À l'entrée du clocher subsistent huit chapiteaux romans : quatre à décor feuillagé parfois agrémenté de poissons ou de têtes, deux présentant des masques crachant du feuillage et deux historiés placés aux angles nord-est et sud-ouest. Le chapiteau dit « Femme aux serpents » montre un personnage nu entouré d'animaux hybrides mi-oiseaux mi-serpents, image relevant d'une iconographie médiévale de la luxure. Le chapiteau représentant Tobie capturant le poisson montre Tobie hissé sur le poisson et tenant un instrument tranchant, tandis qu'un autre personnage, peut-être l'archange Raphaël ou le père aveugle, figure sur l'arête ; un décor aquatique ponctué de petits trous et une tête sculptée au centre complètent la composition. Le traitement des chapiteaux présente des similitudes avec ceux de la cathédrale Saint-Apollinaire.
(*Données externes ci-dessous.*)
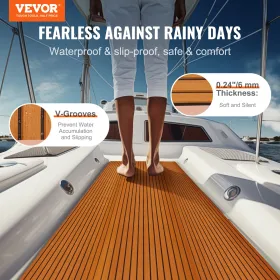 Boat Flooring, EVA Foam Boat Decking 94.5" x 46", Non-Slip Self-Adhesive Flooring, 29.9 sq.ft Marine Carpet for Boats, Yacht,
Le 15 août 1944 un bombardement souffla les vitraux de l'église ; dès 1945 les maîtres verriers Thomas et Balayn restaurèrent les verrières du chœur et des bas-côtés. L'intérieur fut refait en 1966 : le chœur fut réaménagé conformément à la réforme liturgique issue du concile Vatican II et le mobilier liturgique fut réalisé par l'architecte J. Hartman, notamment des chandeliers, une croix et des statues de la Vierge et de saint Joseph. En 2005-2006, dans le cadre de la Convention patrimoine de Valence, l'église a bénéficié d'une restauration des façades du corps et du clocher, avec ravalement, nettoyage et rejointoiement ; la baie originelle du portail sud a été rouverte et dotée d'un vitrage permettant d'admirer les chapiteaux du clocher sans les exposer aux intempéries. L'église conserve les reliques de saint Venant, évêque de Viviers au VIe siècle.